Again, what is termed the Common Humanitarian Action Plan has for the last few years not been monitored by government. The UN has now accepted that the clause suggesting the plan was to be monitored by the IASC should be removed but the very fact that, for several years, it was suggested by implication that the government was not in charge of all projects and programmes undertaken for the Sri Lankan people, is a measure of how dependent we had become.
All that now seems to have changed. But to ensure that insidious interference does not continue, we need to be firm about asserting the primacy of government in the relief operations that are essential. We have failed to give proper publicity to the magnificient work of the Commissioner General of Essential Services, who kept commercial supplies going up to Jaffna as well as to the Wanni despite desperate LTTE efforts to disrupt these, by attacking food ships, by withdrawing guarantees from the ICRC after their first stab at assistance, by restricting the number of days on which the A9 northward from Omanthai was kept open. We have failed to record the dedicated work of our Ministries of Health and Education that provided to areas under LTTE control better services than most countries at our economic level provide to citizens in their capital cities.

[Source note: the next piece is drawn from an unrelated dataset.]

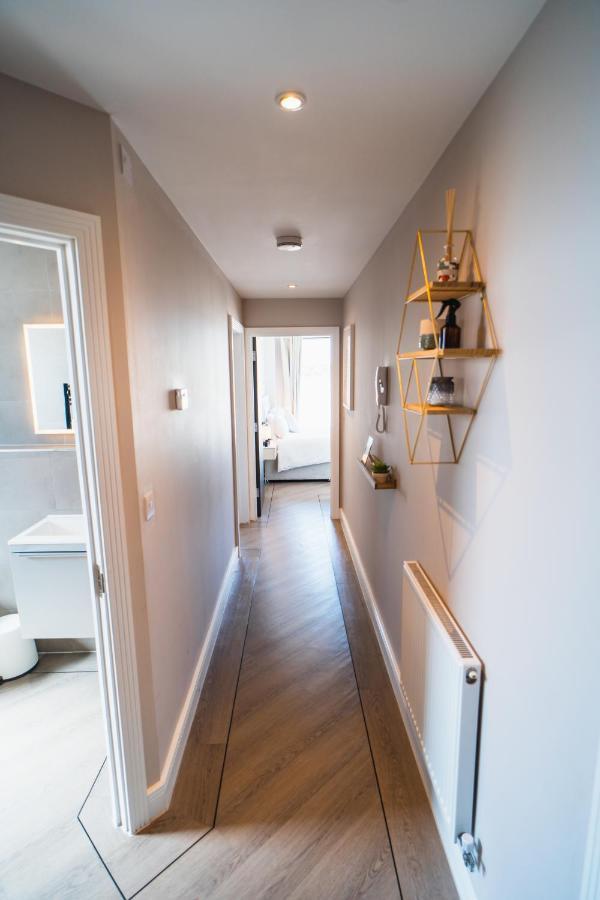 Beautiful Two Bedroom Harbour Side Apartment *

And above all we have allowed continuing slurs on our armed forces, who have a better record in terms of humanitarian commitment than any others in similar situations. The conditions for Internally Displaced Sri Lankans in centres that they have set up recently are much better than those in centres that are supposed to have benefited from international assistance for a decade and more. But we allowed the claim that these were not up to what were termed international standards, which allowed the LTTE to claim that the people they were forcibly holding back had other reasons too not to flee to the safety of government controlled areas. And we continue to be subject to sanctimonious pronouncements about proportionality when there has been no claim ever that anything other than that principle has been apparent.
Independence celebrations this year will I hope herald our ability to put a stop to all this nonsense. Of course this must be accompanied by clear indications that we can look after ourselves, and deal seriously with the real problems we have. Unsolved killings in the south, instances of torture, must be dealt with firmly, and we must welcome all assistance in the training, both in principles and in professionalism, that will help us to avoid such incidents. But we must not allow those deficiencies to be used to prevent us from eradicating terrorism and working together with our fellow Tamil citizens to promote a prosperous and pluralistic future for an independent sovereign united country.